Church History: The Racist Heresy In Southern Baptist History

Their heresy was racism, and this heresy ran deep within them

Manly declared that, when it came to his right to buy and to sell African Americans, “I had no more doubt or compunction than in pocketing the price of a horse or anything else that belonged to me.”

 

The founders of the Southern Baptist Convention and of The Southern Baptist Theological Seminary were zealous defenders of biblical orthodoxy.

They were also heretics.

Their heresy was racism, and this heresy ran deep within them.

James Petigru Boyce and John A. Broadus were founding faculty members of The Southern Baptist Theological Seminary; they were also slaveowners who served as chaplains in the Confederate army. Basil Manly, Sr., served as the founding chair of the board of trustees at Southern Seminary. This same man owned forty slaves and flogged at least one of them as punishment. Manly declared that, when it came to his right to buy and to sell African Americans, “I had no more doubt or compunction than in pocketing the price of a horse or anything else that belonged to me.” Manly’s son and namesake drafted the Abstract of Principles that every professor still signs when elected to the faculty of The Southern Baptist Theological Seminary.

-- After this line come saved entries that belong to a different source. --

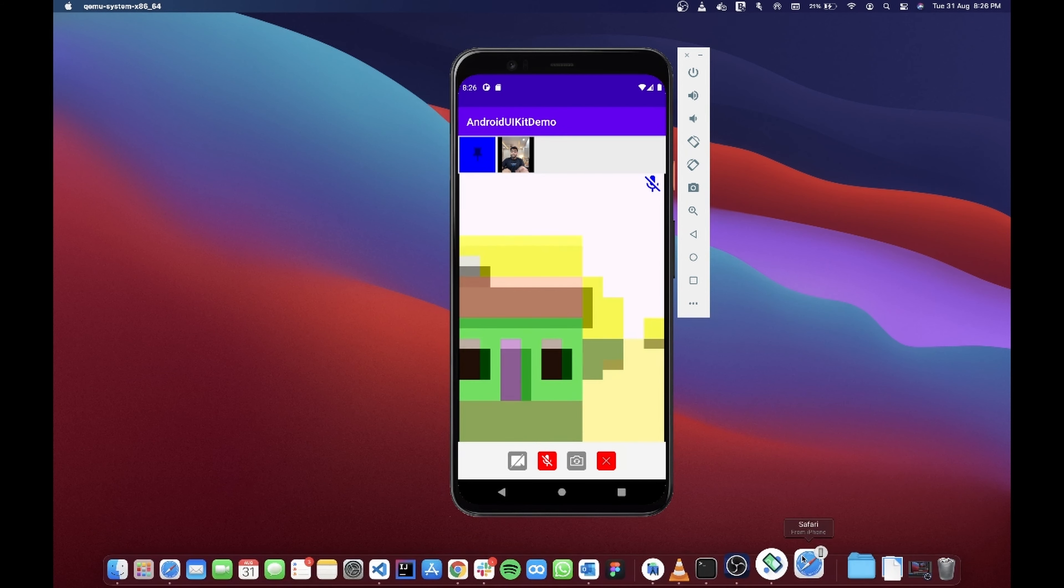So this is how easy it is to actually use the Android UIKit. So go ahead and try it out and make as many customizations as you want.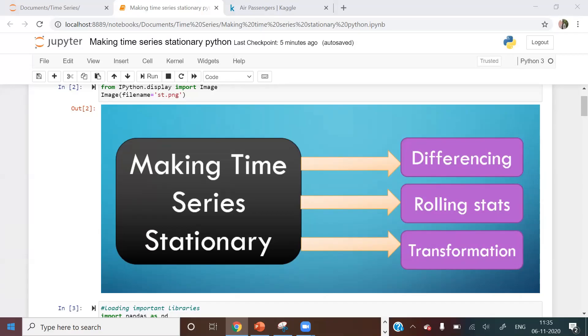Welcome to Unfold Data Science. I'm Aman, a data scientist. In this video, we will understand how to make a non-stationary time series into a stationary time series using three methods: differencing, rolling stats, and transformation. We need to make the time series stationary before we fit any machine learning model on it.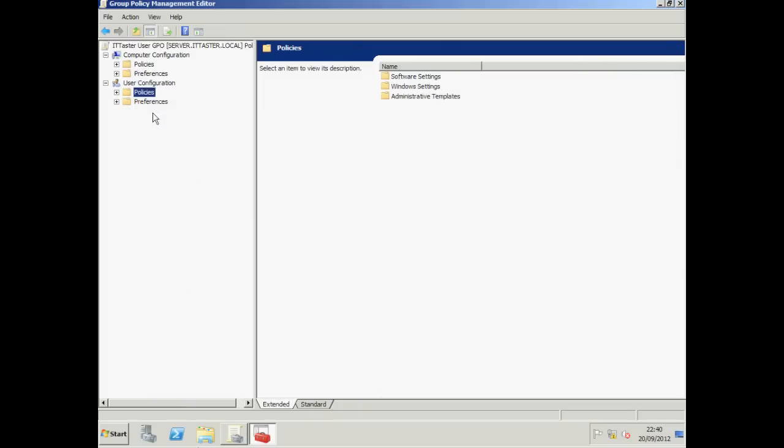Let's now configure a computer group policy. Now I could configure computer settings here. But I'm going to create a new group policy to hold my computer policy settings. You don't have to do it this way. You can create everything in one policy and link the same group policy object to the OU containing all of your users and computers. But I like to keep them separate to make management much easier. Let's close Group Policy Management Editor.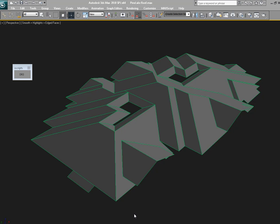Hello everybody. Today I'm going to be demoing our new Max script called Displacement Roof Surfaces. I've got it here in a toolbar, and let's go ahead and run it.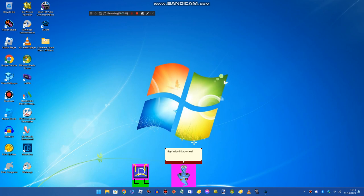Hey, why did you steal art in Discord PixelGent? And second, you go to jail.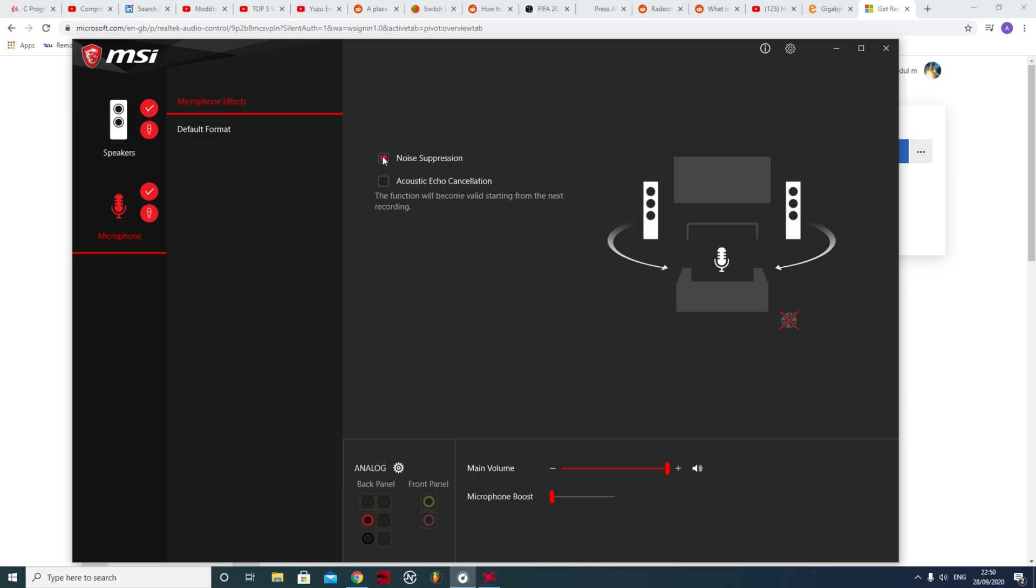And put noise suppression back on. See? Crystal clear. If you have problems with echo, you could try this. For me, I've tried it, it makes it worse because I don't have any echo issue. But you can try it, if it works it works.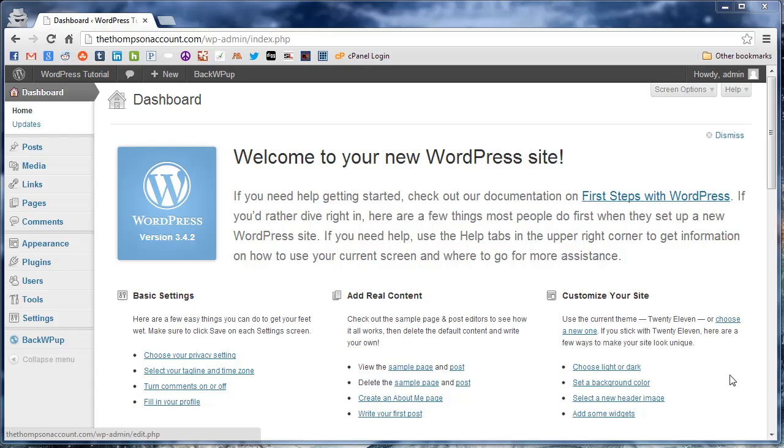Hey everyone, this is Adam Barton with UploadWP.com. Last week we showed you how to automate your WordPress posts to Facebook using Twitter Feed, which is a great service, but the only problem is when Facebook looks for the link,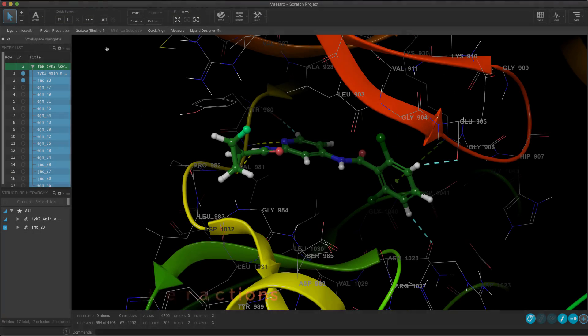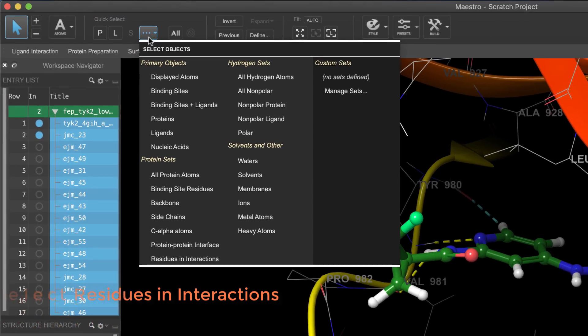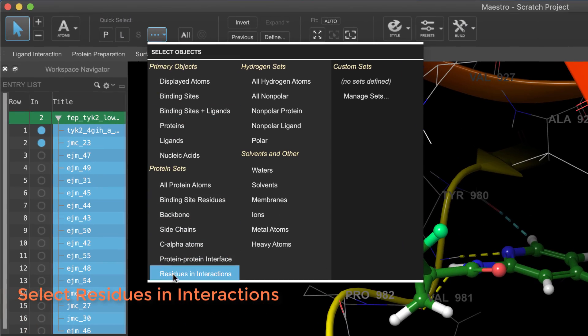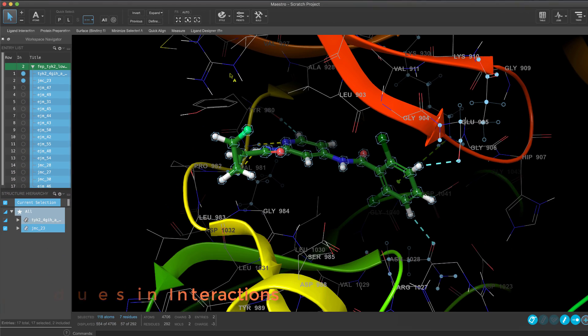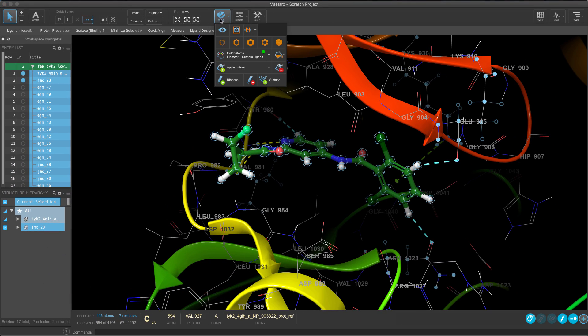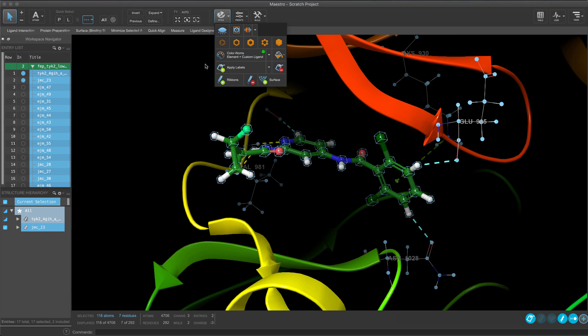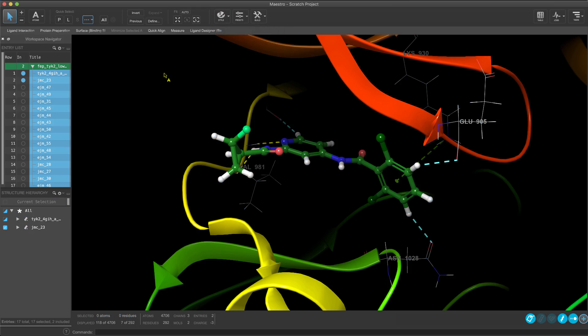Minor usability enhancements in Maestro include quickly selecting any visible residues involved in non-polar interactions. This can be useful for highlighting the key residues of interest.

The Southern Baptist Convention was founded in 1845

by men who held to an ideology of racial superiority and who bathed that ideology in scandalous theological argument. At times, white superiority was defended by a putrid exegesis of the Bible that claimed a “curse of Ham” as the explanation of dark skin—an argument that reflects such ignorance of Scripture and such shameful exegesis that it could only be believed by those who were looking for an argument to satisfy their prejudices.